As três bibliotecárias que atuavam na BPE, das quais duas eram concursadas e uma era contratada, não fazem mais parte dos quadros da instituição. Segundo apurou a Biblioo, as três profissionais resolveram se desligar depois de desentendimentos com Pedro Gerolimich, superintendente de Leitura e Conhecimento da SECEC, responsável pelas Bibliotecas. Uma destas bibliotecária também respondia pelo Sistema Estadual de Bibliotecas (SEB), que agora está sem coordenação.
Sobre a transferência da SECEC para a Biblioteca-Parque do Estado, perguntamos se a medida é provisória ou a intensão é estabelecer o órgão de forma definitiva no prédio. Em resposta a entidade disse que a ideia é utilizar equipamentos culturais da própria rede do governo do estado para economizar com aluguel e taxas de condomínio e IPTU.
“Devido às más gestões anteriores da pasta, o Secretário Ruan Lira herdou uma dívida de quase R$ 20 milhões relativa à ocupação do endereço em imóvel privado, no Centro da cidade. A injustificável despesa mensal em torno de R$ 500 mil, apenas pelo uso de instalações físicas, tornou-se uma fonte constante de inquietação para o Secretário”, diz a entidade que deve economizar meio milhão de reais por mês a partir de agora.
A secretaria informou que atualmente os recursos alocados para manutenção das Bibliotecas-Parque advêm da ação própria (Operacionalização de Bibliotecas), cujo orçamento atualizado é de R$ 2.075.000,00 (dois milhões e setenta e cinco mil reais), dos quais restam R$ 984.530,00 (novecentos e oitenta e quatro mil, quinhentos e trinta reais) que é total atualizado, menos as despejas já empenhadas.

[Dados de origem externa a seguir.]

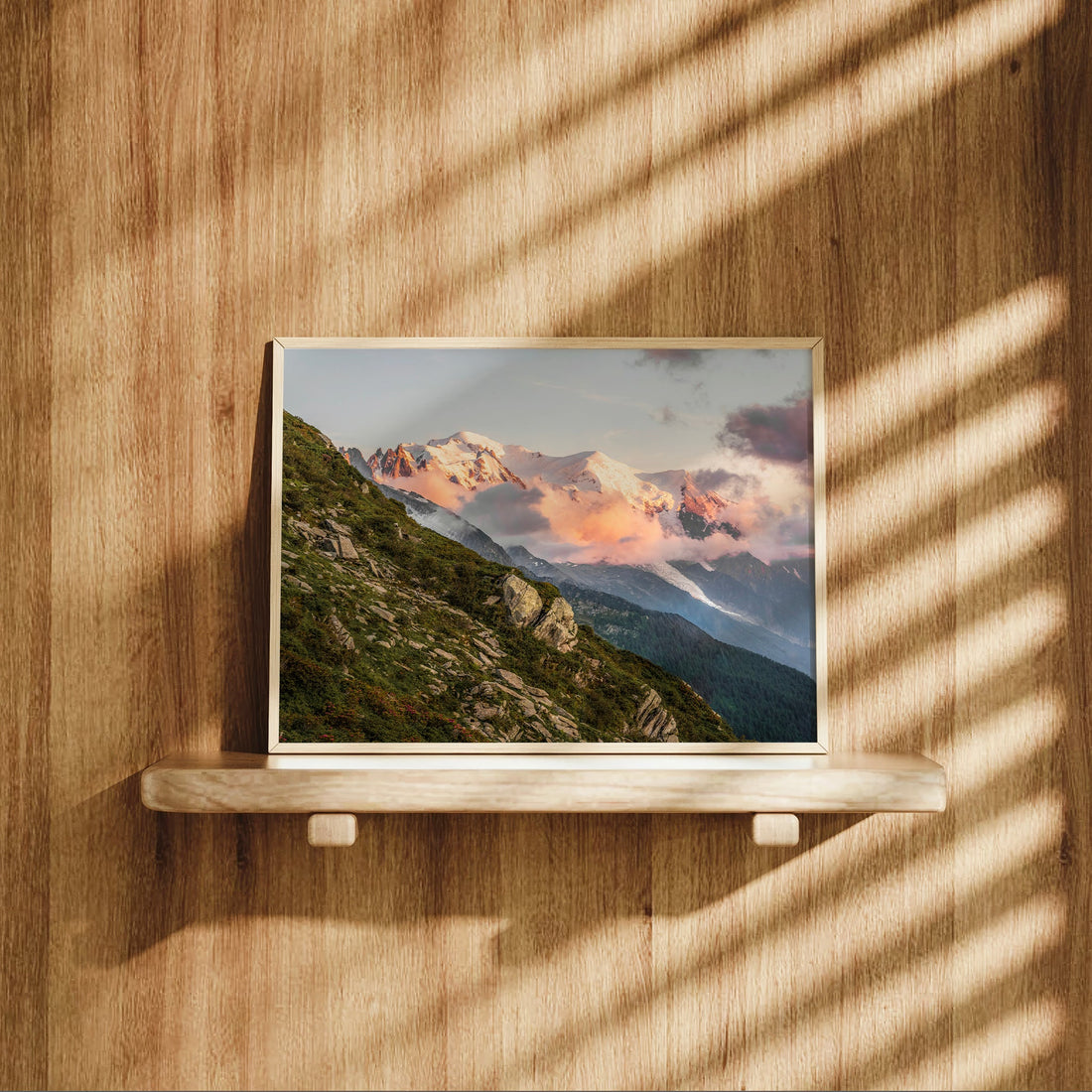 Mont Blanc evening light print with snowy summits rising above lush alpine slopes and glowing skies.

“Gastos indiretos, porém necessários, como limpeza, segurança e concessionárias correm por conta de Programas de Trabalhos específicos, direcionados a atender tais tipologias de despesas. Atualmente, a dotação orçamentária da ação específica das BPs está suportando a despesa de fornecimento de serviços técnicos e administrativos para a finalidade desses equipamentos” explica a entidade.
Fiscalização
Procurado pela Biblioo, o Conselho Regional de Biblioteconomia da Sétima Região (CRB7) respondeu que no último mês de junho se reuniu com o superintendente de Leitura e Conhecimento da SECEC, Pedro Gerolimich, para se inteirar do término do contrato dos bibliotecários, bem como da sua renovação ou substituição, “além de compreender o trabalho atualmente desenvolvido pelas Bibliotecas Parque”.
“No referido encontro houve a sinalização do fortalecimento das Bibliotecas, inclusive com o desejo de reabertura da Biblioteca Parque Estadual situada no Complexo do Alemão [Zona Norte do Rio], não sendo, contudo, em momento algum mencionada a possibilidade de mudança da Secretaria [de Estado de Cultura e Economia Criativa] para a Biblioteca Parque”, diz a nota assinada pelo presidente da entidade, Marcelo Marques de Oliveira.

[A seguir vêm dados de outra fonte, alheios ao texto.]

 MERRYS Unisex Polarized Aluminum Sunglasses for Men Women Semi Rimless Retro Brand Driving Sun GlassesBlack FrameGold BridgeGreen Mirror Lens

O CRB7 confirmou que, “tendo em vista a possível descaracterização da Biblioteca Parque como equipamento público”, realizou visita fiscalizatória à Biblioteca no intuito de apurar eventuais irregularidades. “Verificados graves indícios de irregularidades instaro[u]-se processo administrativo, sendo a Secretaria autuada para apresentar os devidos esclarecimentos”, informou o Conselho esclarecendo que novas medidas a serem adotadas não estão descartadas em caso de não adequação.